Comparing results of using deep learning algorithm, LSTMs, for a regression problem versus simple Neural Networks and ensemble algorithms like Random Forest and XGBoost
This article is comparing the results of using a deep learning algorithm, LSTMs, for a regression problem versus simple Neural Networks and ensemble algorithms like Random Forest and XGBoost. The objective is to show that it is important to choose the right algorithm for the problem you are solving.
Brief explanation of the concepts of ANN, RNN and LSTMs,relevant blogs and research papers are given.
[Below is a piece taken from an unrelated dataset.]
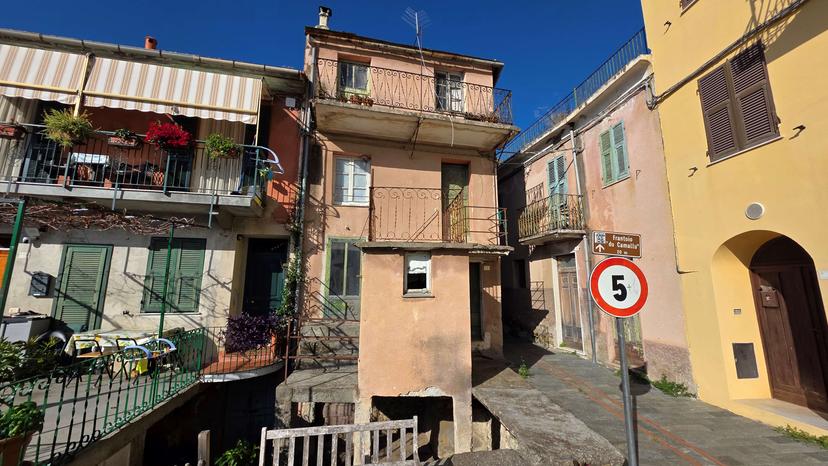 Rustico in Via XXI Aprile 2, Arnasco — foto 3 di 5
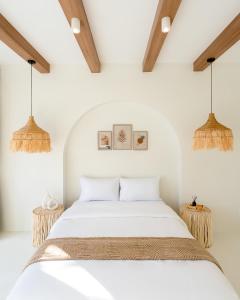 Ένα ή περισσότερα κρεβάτια σε δωμάτιο στο The Sunset Villa Huahin +18 φωτογραφίες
Kaggle competition problem – Allstate Insurance Claims Severity. Objective is to predict the cost (severity) of insurance claims using a large data set of factors (over 130 factors and 180,000 rows of data). This is a regression problem requiring values to be predicted on a continuous scale. The data can be downloaded from here - https://www.kaggle.com/c/allstate-claims-severity/overview.
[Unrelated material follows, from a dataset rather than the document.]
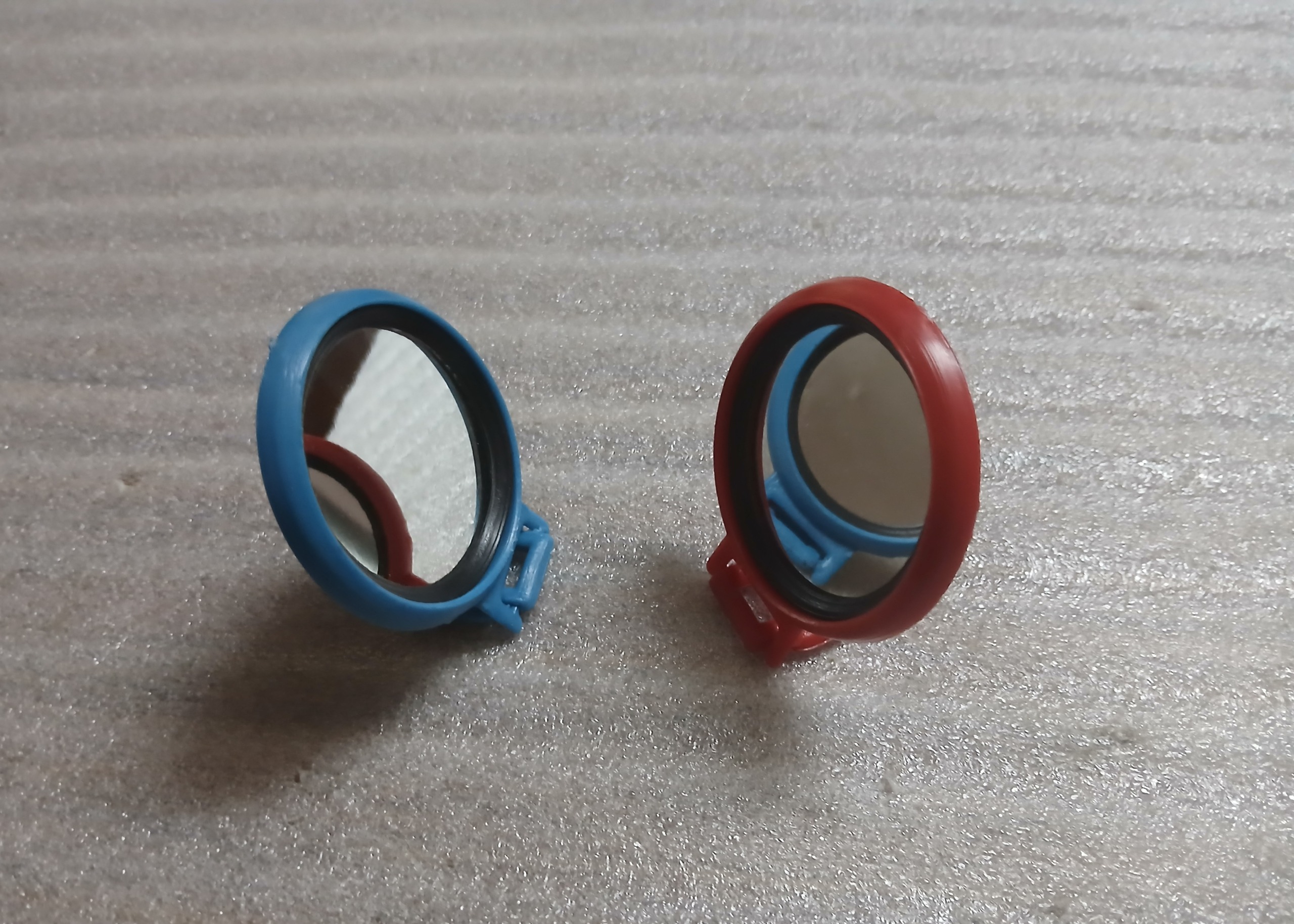 2 عدد آینه کوچک قدیمی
Sample code for comparing different regression algorithms for this problem is given in github – The code follows the standard data science steps (load, wrangle, encode, scale, train/test split, train, predict, metrics). It compares 4 different regression algorithms on accuracy and time taken to run without hyperparameter tuning, except for LSTM.
- LSTM network
- ANN
- XGBoost
- Random Forest
The results show that
• LSTMs gave the worst results (high Mean Absolute Error MAE) and also take a long time to run, over 2 hrs
• XGBoost and a simple 4 layer ANN gave better results (low MAE) without any hyperparameter tuning. They only took 3-10 minutes to run
• Random Forest takes over 1 hr and gives results similar to XGBoost
• Note – running time is on a basic MacBook Pro, will be faster on better CPU/GPU cloud
Submitting and comparing the results on Kaggle against global leaderboard, the overall results are not good
• No 1 rank score (MAE) is 1109.7
• XGBoost score (MAE) of 1184.5 has rank 2088
The results can be improved by adding more layers to LSTM or ANN networks or hyperparameter tuning for other algorithms, but relatively LSTM will still underperform. That was the objective of this article. Hope it helps in further understanding of deep learning algorithms and their applications.